Under the modern international currency system, most major currencies have adopted floating exchange-rate regimes, so exporters can’t avoid exchange rate fluctuations.
Since the start of China’s economic reform and opening-up policies, the market economy has developed to a relatively high level, and many companies have had the capability and flexibility to adapt and cope with market changes.
Based on the actual situation between 2005 and 2008 before the global financial crisis worsened, China’s exports grew 23.4 percent annually. Industries sensitive to exchange rates, such as textiles and light industry, maintained growth and hadn’t seen significant losses or business closures. Generally speaking, exchange rate movements have provided motivation and pressure for industries to upgrade and for the market to open wider.
The global economy is gradually recovering and the upturn in the Chinese economy has become more solid, creating a favorable environment for smooth yuan reform and minimizing the negative effects. In future, the government will create further favorable conditions to help companies restructure and the banking industry will improve financial services to provide powerful support to businesses and help companies manage exchange-rate risks.
Further exchange-rate reform will also help create more jobs, especially jobs in the service sector. Exchange rate movement will prompt exporters to move from simple processing to more detailed and refined processing, and by so extending the production chain, create more jobs.

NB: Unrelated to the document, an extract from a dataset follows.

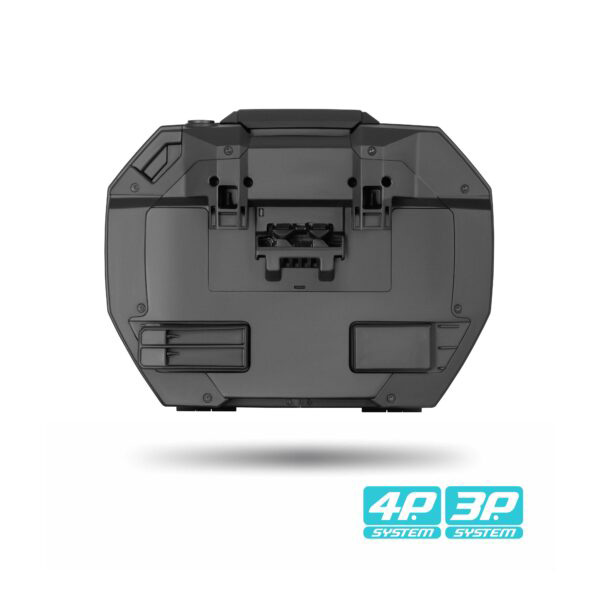Shad-3P/4P Seitenkofferpaar SH38X Expandable-0000590202000001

The exchange-rate will particularly help optimize resource allocation between tradable sectors and non-tradable sectors, thus helping reorient employment to move to service industries. In general, pushing ahead exchange-rate reform has more pros than cons in terms of the impact on exports and employment.
How to make exchange rate policy work with other policies to promote economy restructure?
Exchange rates can play an active role in improving the international balance of payments, boosting domestic demand and adjusting economic structure.
However, the structural problems that China’s economy faces can’t be solved simply by the exchange rate, and other policies are needed to coordinate efforts. China will further adjust income distribution, boost household income, spur consumer spending, improve the social safety net and encourage private investment, especially in the service sector.
China will further improve the resource-pricing mechanism, promote imports and facilitate overseas investment and households foreign-exchange use. During the yuan reform process, China will also strengthen the monitoring and regulation of capital flows and crack down on illegal foreign-exchange flows.